Oleh: Iwan
Sutedi
Merupakan suatu kewajiban bagi kita
untuk menuntut ilmu Al-Qur’an dan As-Sunnah agar kita dapat meghindari dan
menolak syubhat di dalam memahami dien Islam ini. Telah kita sepakati bersama
bahwa hanya dengan Al-Qur’an dan As-Sunnah kita dapat selamat dan tidak akan
tersesat.
Rasulullah Shallallaahu alaihi wa Salam
bersabda:
تَرَكْتُ
فِيْكُمْ أَمْرَيْنِ لَنْ تَضِلُّوْا مَا تَمَسَّكْتُمْ بِهِمَا، كِتَابَ اللهِ
وَسُنَّةَ نَبِيِّهِ.
“Aku tinggalkan pada kalian dua
perkara, jika kalian berpegang teguh dengan keduanya kalian tidak akan sesat
selama-lamanya yaitu: Kitabullah dan sunnah NabiNya”. (Hadist Riwayat Malik
secara mursal (Al-Muwatha, juz 2, hal. 999).

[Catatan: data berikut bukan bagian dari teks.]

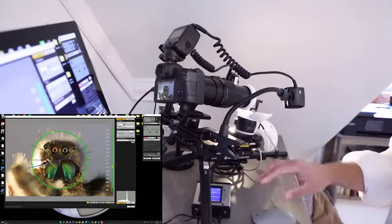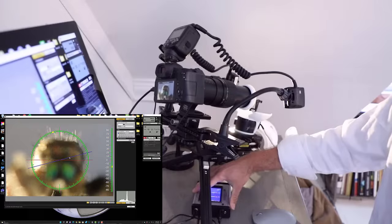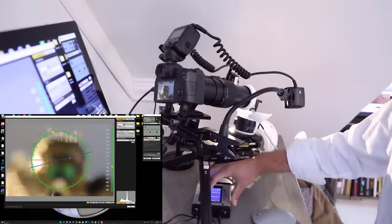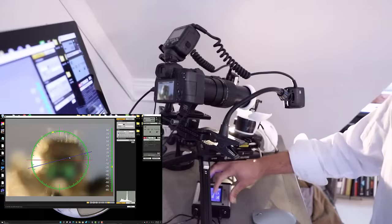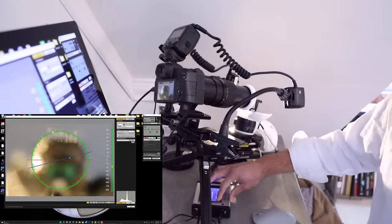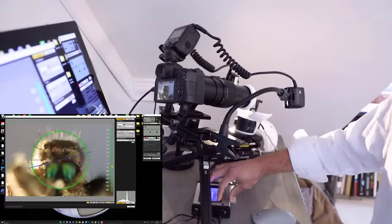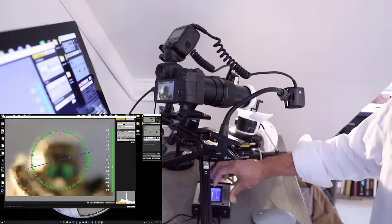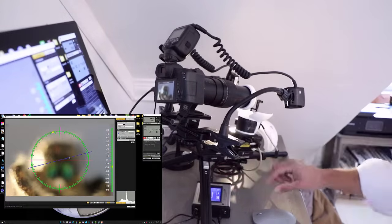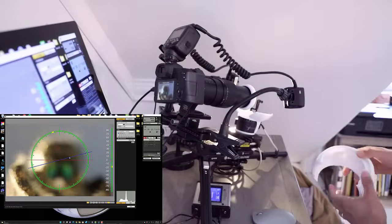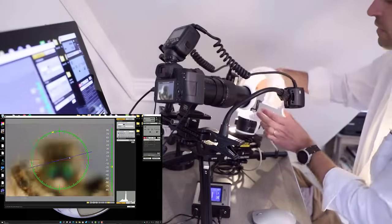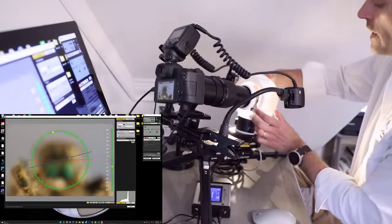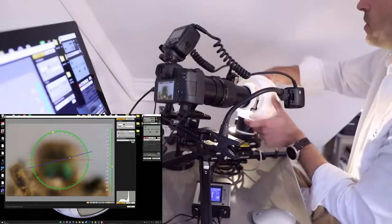The next step after we have this, we could just go right ahead and move all the way to the rear. Set our focus stacking parameters up so that this will be the starting position, moving all the way through until everything just starts to go out of focus. That's going to be our end position. The depth of field is going to be 40 microns at 5x magnification. This is the full magnifying capabilities of the MPE 65 millimeter.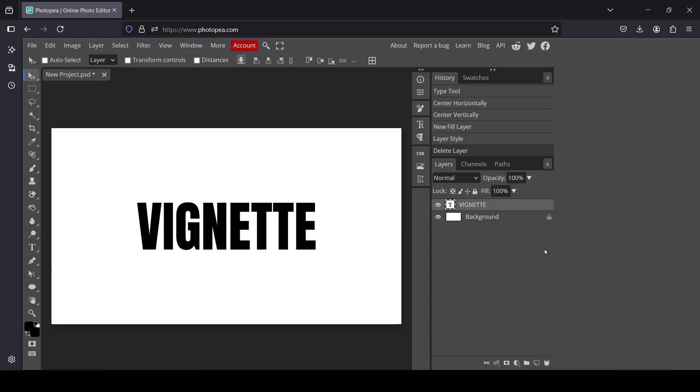Hi, today we're going to see how to add vignette to images in Photopea. I have already created the background layer and the text to use. Now in order to add vignette, go here and select this one here.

Syaikh Al-Albani mengatakan dalam
bukunya At-Tawashshul anwa’uhu wa ahkamuhu, Imam Malik meriwayatkan
secara mursal, dan Al-Hakim dari Hadits Ibnu Abbas dan sanadnya hasan, juga
hadist ini mempunyai syahid dari hadits jabir telah saya takhrij dalam Silsilah
Ahadits As-Shahihah no. 1761).
Adakah pilihan lain agar kita termasuk
dalam orang-orang yang selamat dan agar umat Islam ini memperoleh kejayaan lagi
selain mengikuti Al-Qur’an dan As-Sunnah dengan pemahaman para Salafus
Shalih? tentu tidak ada, karena sebenar-benar ucapan adalah Kalamullah,
sebaik-baik petunjuk adalah sunnah Rasulullah Shallallaahu alaihi wa Salam dan
sebaik-baik generasi adalah generasi sahabat yang telah Allah puji dan Allah
ridhai.
Suatu kebahagiaan kiranya jikalau kita
termasuk dalam golongan yang selamat, golongan Tha’ifah Manshurah
(kelompok yang mendapat pertolongan) dari Allah.
Kebanyakan ummat Islam, kini terjebak
dalam taklid buta. Terkadang suatu anjuran untuk mengikuti dan berpegang teguh
pada Al-Qur’an dan sunnah serta memalingkan jiwa dari selain keduanya dianggap
sebagai seruan yang mengajak kepada pelecehan pendapat para ulama dan
menghalangi untuk mengikuti jejak para ulama atau mengajak untuk menyerang
perkataan mereka. Padahal tidak demikian yang dimaksudkan, bahkan harus
dibedakan antara mengikuti Nabi semata dengan pelecehan terhadap pendapat para
ulama. Kita tidak boleh mengutamakan pendapat seseorang di atas apa yang telah
dibawa oleh beliau dan tidak juga pemikirannya, siapapun orang tersebut.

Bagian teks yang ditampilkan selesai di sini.